Job Title: Site Reliability Engineer
Experience: +10 Years
Skills: .NET, SQL, React, Dynatrace, AWS, Splunk, Elastic Stack, Python, Scripting Languages, Ansible Tower, Terraform
Location: Fort Mill SC
We at Coforge are hiring for a Site Reliability Engineer with the following skills:
Responsibilities:
- Lead development of SRE dashboard.
- Lead development and tracking of SRE Error Budgets
- Lead root cause investigations.
- Proactively identify system anomalies
- Recognize automation opportunities.
- Strong understanding of Continuous CI/CD practices, with robust knowledge of Git, GitHub Actions and GitHub Workflows. Familiarity with other tools such as Jenkins and similar would be advantageous.
- Engage in and improve the whole life cycle of application and cloud services-from inception and design, through deployment, operation, and refinement.
- Plug into software release cycle. Work closely with developers to ensure software releases are well designed, planned, implemented, released, and monitored.
- Automate time-consuming and manual processes.
- Assess current SRE solution and define the SRE approach for products.
- Work with applications development teams on designing, implementing, and improving SRE practices.
- Proficiency in Container Orchestration: Hands-on experience in creating and managing Docker images, ensuring optimal performance and security.
- Proficiency in Kubernetes platform including the ability to effectively manage containerized applications, scale resources as needed and troubleshoot issues in production environments.
- Monitoring and Observability: Experience with monitoring tools such as Prometheus, Grafana, and ELK Stack and should be able to set up and configure monitoring solutions, utilize metrics for performance optimization, and troubleshoot issues effectively.

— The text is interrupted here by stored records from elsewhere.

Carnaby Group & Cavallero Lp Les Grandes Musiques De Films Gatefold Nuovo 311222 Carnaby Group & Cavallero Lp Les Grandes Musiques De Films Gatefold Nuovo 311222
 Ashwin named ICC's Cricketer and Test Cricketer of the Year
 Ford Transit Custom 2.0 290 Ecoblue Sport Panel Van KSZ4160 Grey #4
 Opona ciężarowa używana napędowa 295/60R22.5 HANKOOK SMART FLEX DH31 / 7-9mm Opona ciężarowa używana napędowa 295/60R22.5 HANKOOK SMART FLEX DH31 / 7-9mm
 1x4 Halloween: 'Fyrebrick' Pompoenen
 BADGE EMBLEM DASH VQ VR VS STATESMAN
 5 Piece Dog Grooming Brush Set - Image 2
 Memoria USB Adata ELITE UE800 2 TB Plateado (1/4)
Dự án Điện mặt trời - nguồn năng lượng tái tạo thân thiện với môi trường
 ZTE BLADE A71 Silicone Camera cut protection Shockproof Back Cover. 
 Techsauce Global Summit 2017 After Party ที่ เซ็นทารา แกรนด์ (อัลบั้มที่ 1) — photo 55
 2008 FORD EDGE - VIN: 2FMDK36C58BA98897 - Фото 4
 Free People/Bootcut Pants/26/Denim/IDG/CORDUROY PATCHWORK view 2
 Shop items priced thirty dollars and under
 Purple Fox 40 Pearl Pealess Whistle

- Strong understanding of cloud platforms like AWS and infrastructure automation tools.
- Proven ability to design and implement monitoring solutions that ensure system uptime and performance.
- Leverage industry-leading tools like Dynatrace, Splunk, and Elastic Stack for real-time monitoring and troubleshooting.
- Maintain a deep understanding of cloud platforms like AWS and utilize infrastructure automation tools like Terraform and Ansible Tower.